Background
The two common explanations for vagueness/ambiguity in language come from Zipf and Chomsky, and both seem to inherently assume that vagueness/ambiguity do not serve a positive purpose.
In the case of Chomsky, ambiguity arises out of the constraints of the mind at parsing language. Once again, this assumes speaker-and-listeners want to communicate perfectly.
In the case of Zipf, ambiguity arises from the conflict in energy investment between the speaker and listener. The speaker wishes for a totally ambiguous language where they can use one sound to mean everything, and leave the difficulty of disambiguation for the listener. The listener, on the other hand, wishes for a totally unambiguous language, so the difficulty of picking the right words is on the speaker, and the listener doesn't need to spend energy on disambiguation. Note, that this approach still assumes that the speaker-listener pair still have the goal of conveying a single meaning from one to the other.

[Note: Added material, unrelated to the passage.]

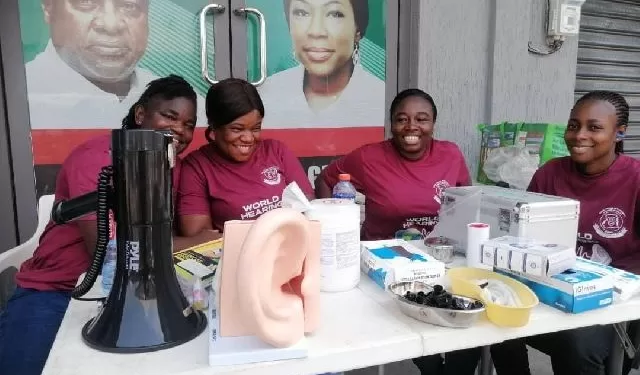 Dr Grace Ayensu-Danquah's team screening patients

Some recent work (pdf) even formalizes Zipf-like ideas to prove that ambiguity is essential to allow communication between parties with different priors. However, their approach relies on speaker-listeners that want to maximize the probability of conveying a single meaning from one to the other.
Question
However, vague and ambiguous language, is often used on purpose by the speaker in order to have the listener select the meaning they most desire, and not necessarily the one intended by the speaker. A common example would be campaign promises from politicians, but the concept is often used for more artistic and pleasant purposes through songs and poems. Some go so far as to say that vagueness and ambiguity is what allows creativity.
Are there any theories (hopefully formal/analytic ones) that look at vagueness and ambiguity from a positive perspective? Or at least ones that don't presuppose that the speaker has a single meaning to convey to the listener or that the speaker-listener want to maximize their agreement on an intended meaning?